§ **Task to complete**
Exactly the lines from the one containing "Чехол Silicone Case" through the end of the listing below are required, restated word for word and without pictures.

§ **Provided data**
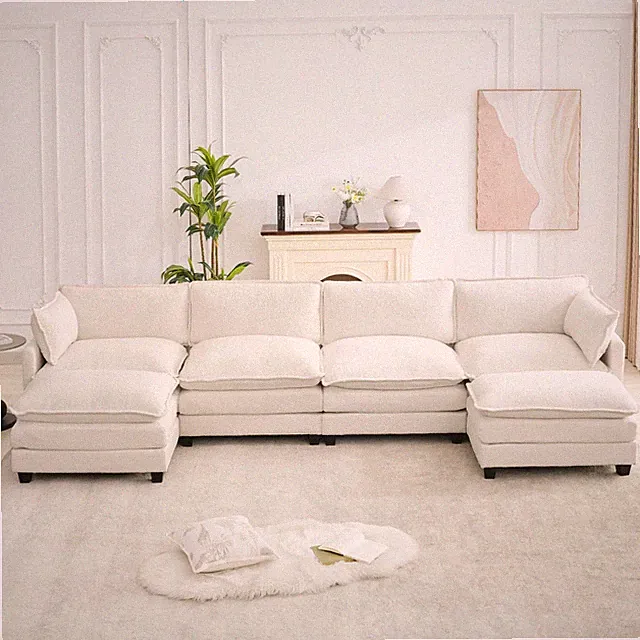 148" Beige Chenille Cloud Modular U-Shaped 4-Seat Sectional Sofa with 2 Ottomans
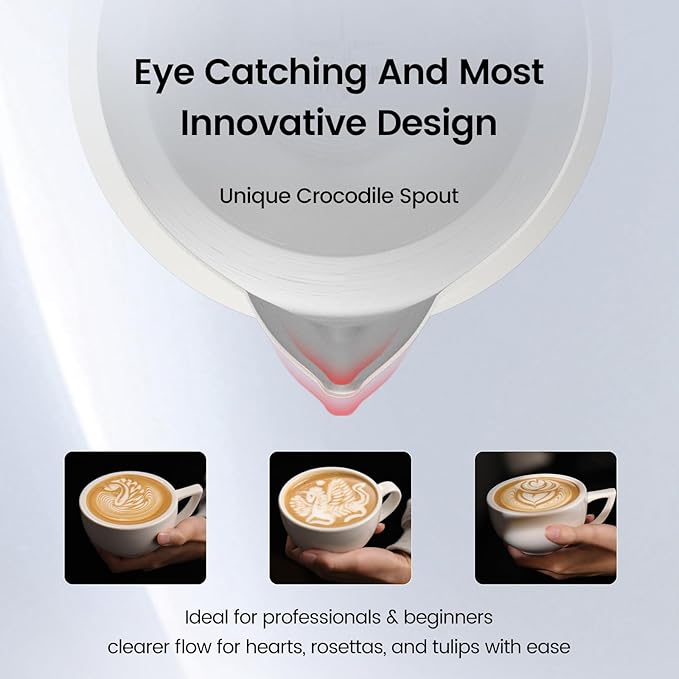MHW-3BOMBER Espresso Steaming Pitcher Milk Frothing Pitcher Stainless Steel Milk Coffee Cappuccino Latte Art Barista Cup (Origin White, 20 Ounces) P5544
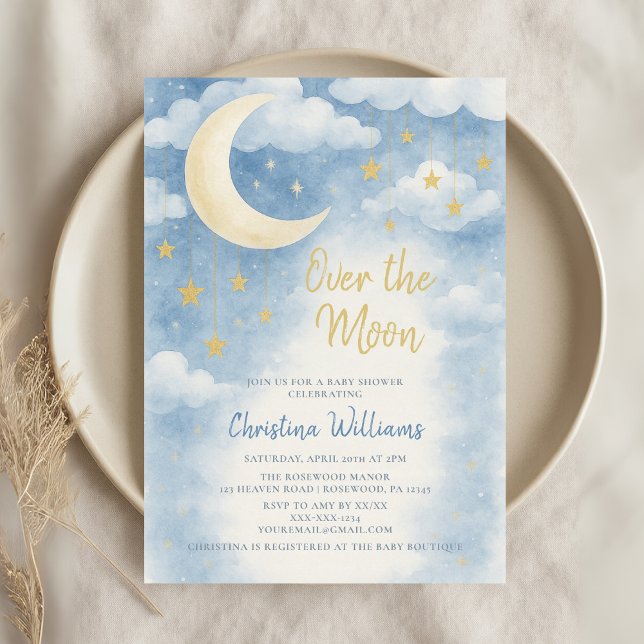 Over the Moon for Baby Shower Invitation Einladung (Von Creator hochgeladen)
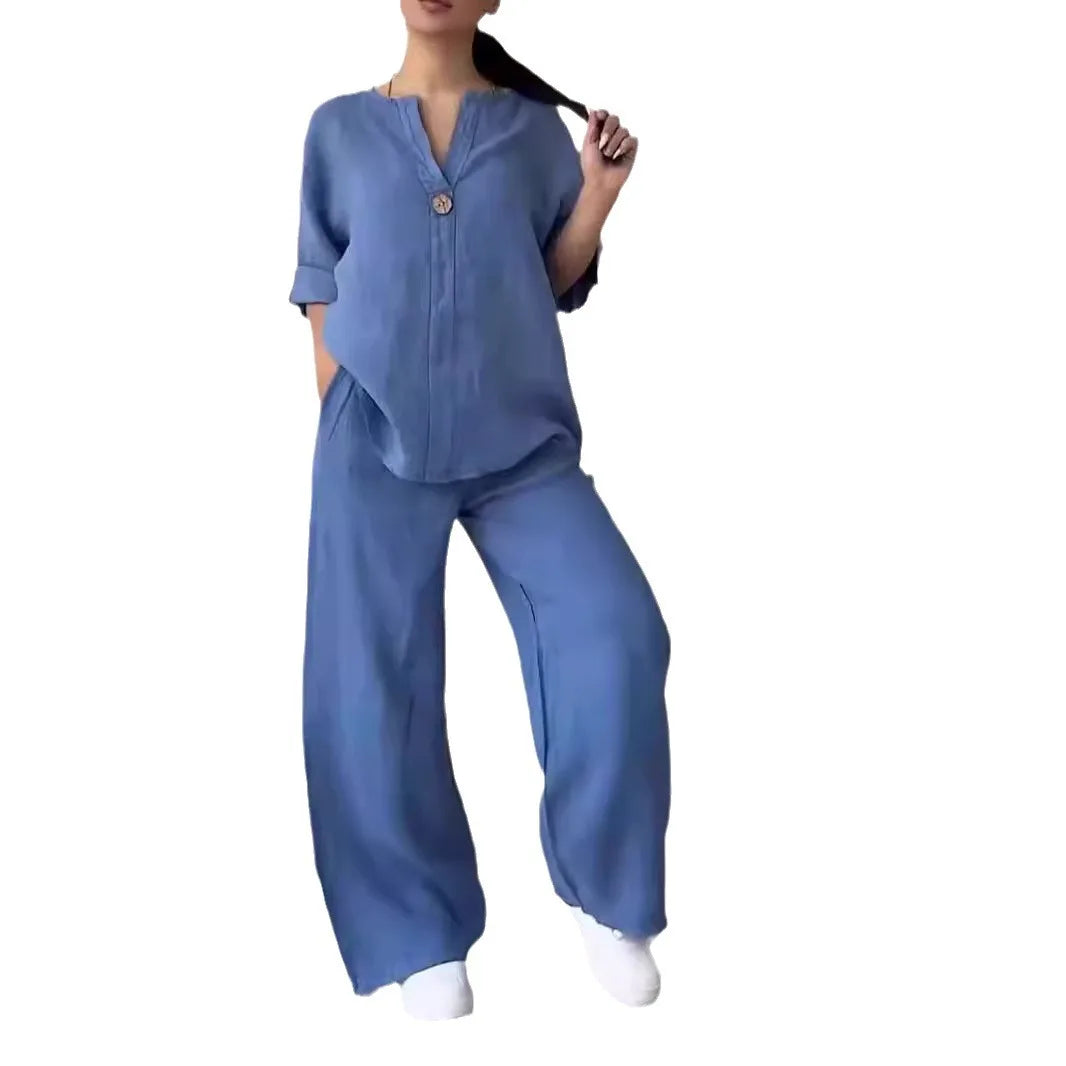 Women's casual co-ord set in cow blue — loose blouse and high-waist wide leg trousers...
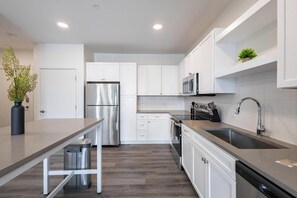 Fridge, dining tables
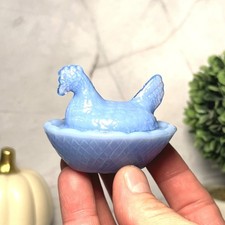 Hen on Nest Chicken Mini Salt Dish, Periwinkle Depression Style Glass, Kitchen picture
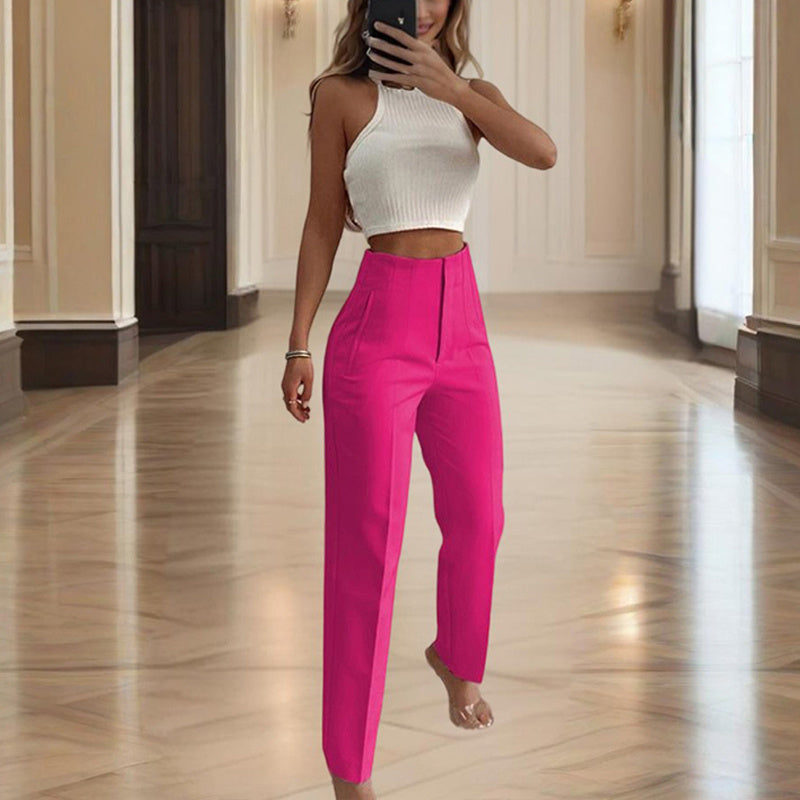 Women's High Waisted Straight Leg Casual Pants Trousers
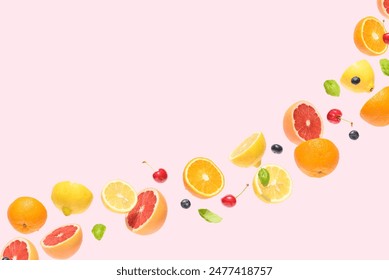 Frutas sobre un fondo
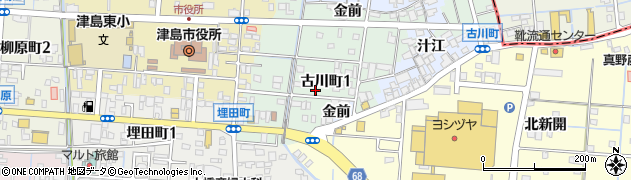 愛知県津島市古川町1丁目周辺の地図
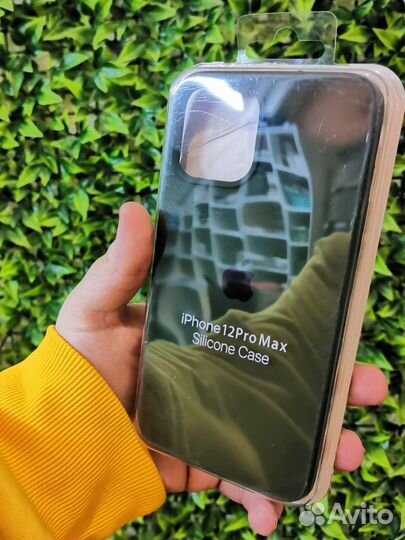 Чехол Silicone Case iPhone 12 ProMax(Black Green)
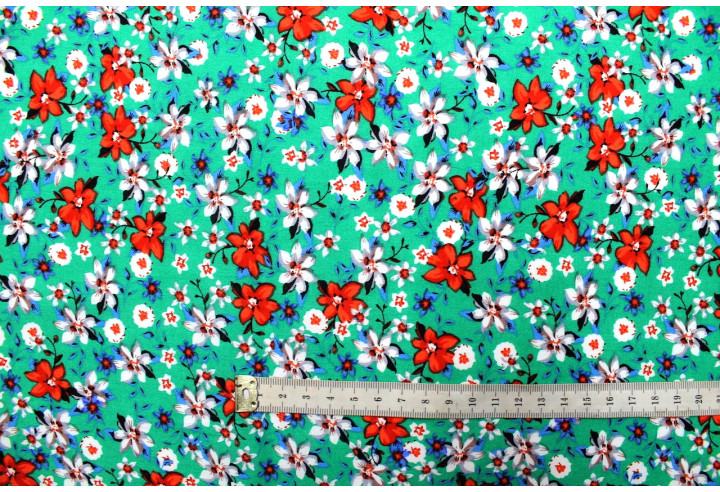 Tissu Popeline Coton Imprimé Fleur Nadia Vert -Au Mètre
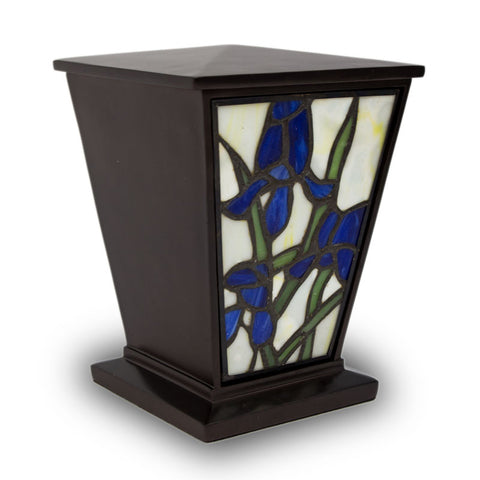 Blue Iris Stained Glass Cremation Urn- Medium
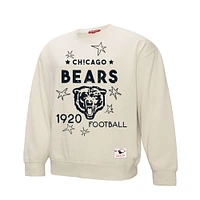 Women's Mitchell & Ness Cream Chicago Bears Shooting Stars Pullover Sweatshirt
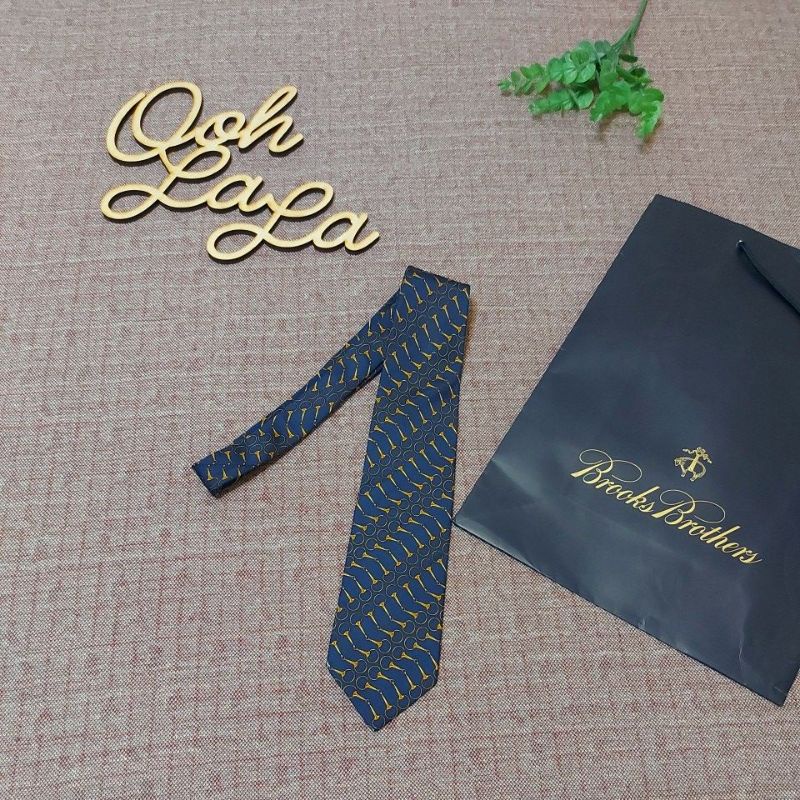 美國帶回 古著 Brooks Brothers 型男必備 復古英倫印花 藍色 寬版領帶 絲質領帶 VINTAGE 美國製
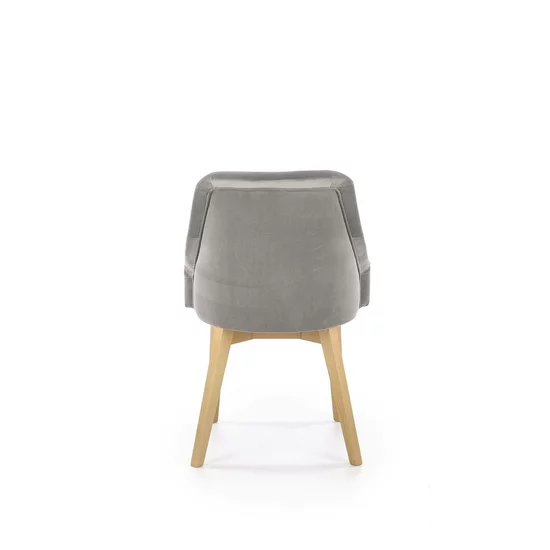 Scaun Toledo 2, design modern, stofă + cadru metalic, 51x55x82 cm, gri / stejar picture - 4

§ **Final answer**
 Чехол Silicone Case iPhone 12 ProMax(Black Green)
 Tissu Popeline Coton Imprimé Fleur Nadia Vert -Au Mètre
 Blue Iris Stained Glass Cremation Urn- Medium
 Women's Mitchell & Ness Cream Chicago Bears Shooting Stars Pullover Sweatshirt
 美國帶回 古著 Brooks Brothers 型男必備 復古英倫印花 藍色 寬版領帶 絲質領帶 VINTAGE 美國製
 Scaun Toledo 2, design modern, stofă + cadru metalic, 51x55x82 cm, gri / stejar picture - 4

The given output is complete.